---------- Data for this task ----------

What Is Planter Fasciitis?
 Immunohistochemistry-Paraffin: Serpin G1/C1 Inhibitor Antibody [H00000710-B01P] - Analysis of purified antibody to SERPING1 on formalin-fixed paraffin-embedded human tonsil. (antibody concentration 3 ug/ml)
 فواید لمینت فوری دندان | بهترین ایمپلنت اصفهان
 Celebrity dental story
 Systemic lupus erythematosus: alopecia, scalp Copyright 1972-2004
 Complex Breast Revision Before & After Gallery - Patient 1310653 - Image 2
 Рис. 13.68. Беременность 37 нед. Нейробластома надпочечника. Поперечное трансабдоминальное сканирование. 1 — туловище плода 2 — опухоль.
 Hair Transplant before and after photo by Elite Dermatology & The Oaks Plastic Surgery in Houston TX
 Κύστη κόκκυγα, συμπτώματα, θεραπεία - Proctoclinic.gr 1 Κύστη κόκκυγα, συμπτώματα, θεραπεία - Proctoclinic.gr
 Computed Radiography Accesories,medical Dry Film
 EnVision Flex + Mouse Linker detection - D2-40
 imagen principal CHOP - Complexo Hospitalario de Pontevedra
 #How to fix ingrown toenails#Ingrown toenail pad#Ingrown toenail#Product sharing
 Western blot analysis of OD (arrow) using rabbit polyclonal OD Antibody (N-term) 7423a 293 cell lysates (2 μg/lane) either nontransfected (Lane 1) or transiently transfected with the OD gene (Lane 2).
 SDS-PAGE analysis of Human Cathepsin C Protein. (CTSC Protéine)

----------

=== Exercise instructions ===
Above are the records. Print exactly, and only, the lines from the line with "Celebrity dental story" to the line with "Κύστη κόκκυγα, συμπτώματα, θεραπεία - Proctoclinic.gr 1", both inclusive.

=== Exercise output ===
 Celebrity dental story
 Systemic lupus erythematosus: alopecia, scalp Copyright 1972-2004
 Complex Breast Revision Before & After Gallery - Patient 1310653 - Image 2
 Рис. 13.68. Беременность 37 нед. Нейробластома надпочечника. Поперечное трансабдоминальное сканирование. 1 — туловище плода 2 — опухоль.
 Hair Transplant before and after photo by Elite Dermatology & The Oaks Plastic Surgery in Houston TX
 Κύστη κόκκυγα, συμπτώματα, θεραπεία - Proctoclinic.gr 1 Κύστη κόκκυγα, συμπτώματα, θεραπεία - Proctoclinic.gr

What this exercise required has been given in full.